Jill and I read Malcolm Guite's poem 'Westward' this morning in prayer, and were struck by the final words: "We watch the sunset, but we tread the dawn." Then, praying Psalm 90, my mind was drawn towards my approaching 70th birthday, and the clichéd words: "The days of our life are three score years and ten, or if our strength endures, even four score." I hope that it doesn't sound morbid to say that I often now think about my approaching death, which I want to grasp well. But it meant that 'watching the sunset' hinted to me - as I'm sure Malcolm intends - that watching for my own death, watching, if you like, for the fading of the light, is a good and blessed thing to do.
So of course is 'treading the dawn' or 'walking in the way of the resurrection'. Gerald Manley Hopkins puts it like this:
And though the last lights off the black West went
Oh, morning, at the brown brink eastward, springs.

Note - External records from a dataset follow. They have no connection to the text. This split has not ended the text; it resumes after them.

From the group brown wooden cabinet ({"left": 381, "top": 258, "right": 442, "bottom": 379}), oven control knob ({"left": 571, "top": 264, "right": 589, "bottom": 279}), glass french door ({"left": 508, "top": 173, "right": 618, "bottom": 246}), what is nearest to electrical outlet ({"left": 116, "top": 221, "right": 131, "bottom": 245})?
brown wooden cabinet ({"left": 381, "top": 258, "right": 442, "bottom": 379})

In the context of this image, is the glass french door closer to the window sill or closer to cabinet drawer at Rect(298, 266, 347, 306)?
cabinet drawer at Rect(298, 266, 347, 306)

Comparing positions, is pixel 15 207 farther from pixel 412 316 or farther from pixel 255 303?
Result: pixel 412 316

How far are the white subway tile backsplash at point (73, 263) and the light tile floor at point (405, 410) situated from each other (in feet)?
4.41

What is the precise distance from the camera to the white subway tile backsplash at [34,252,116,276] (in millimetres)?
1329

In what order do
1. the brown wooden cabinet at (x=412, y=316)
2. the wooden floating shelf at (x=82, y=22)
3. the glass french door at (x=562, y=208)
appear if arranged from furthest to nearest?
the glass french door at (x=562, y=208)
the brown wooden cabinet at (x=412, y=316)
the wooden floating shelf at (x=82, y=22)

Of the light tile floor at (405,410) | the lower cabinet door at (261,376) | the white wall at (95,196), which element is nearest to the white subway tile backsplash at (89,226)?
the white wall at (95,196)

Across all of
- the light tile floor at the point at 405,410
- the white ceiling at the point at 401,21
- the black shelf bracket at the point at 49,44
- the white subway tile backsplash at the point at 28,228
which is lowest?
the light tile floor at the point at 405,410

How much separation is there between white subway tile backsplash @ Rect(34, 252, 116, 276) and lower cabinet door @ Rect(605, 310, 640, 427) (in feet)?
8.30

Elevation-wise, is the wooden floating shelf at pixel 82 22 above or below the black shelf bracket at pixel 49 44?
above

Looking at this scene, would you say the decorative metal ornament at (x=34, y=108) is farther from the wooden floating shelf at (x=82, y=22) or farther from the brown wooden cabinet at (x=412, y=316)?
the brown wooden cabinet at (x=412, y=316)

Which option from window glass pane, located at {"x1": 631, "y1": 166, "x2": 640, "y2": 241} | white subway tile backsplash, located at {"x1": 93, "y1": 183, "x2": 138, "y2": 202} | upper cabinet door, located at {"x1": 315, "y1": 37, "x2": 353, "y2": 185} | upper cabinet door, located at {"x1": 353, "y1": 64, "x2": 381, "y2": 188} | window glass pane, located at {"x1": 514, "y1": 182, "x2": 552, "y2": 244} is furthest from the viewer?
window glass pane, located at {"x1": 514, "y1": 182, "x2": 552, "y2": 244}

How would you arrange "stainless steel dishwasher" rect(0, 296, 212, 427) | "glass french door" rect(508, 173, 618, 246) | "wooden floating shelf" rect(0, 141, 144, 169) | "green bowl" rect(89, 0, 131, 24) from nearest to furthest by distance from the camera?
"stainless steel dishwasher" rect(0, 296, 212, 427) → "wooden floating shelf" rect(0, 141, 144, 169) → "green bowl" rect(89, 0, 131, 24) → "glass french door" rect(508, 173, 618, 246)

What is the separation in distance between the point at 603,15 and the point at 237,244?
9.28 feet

I think that Malcolm Guite must have had this in his mind when he wrote his sonnet. But whether he knew it or not, here I now am, rooted in the present, reaching towards the future with curiosity and with some trepidation, delighting in the mixture of darkness and light that makes up our experience of faith. The accompanying photograph was taken from our balcony in South Africa, probably at the end of a thunderstorm, but it too has that blend of light and darkness, of smudge and freshness, which makes up the rough stuff of life tinged with the glory and compassion of God.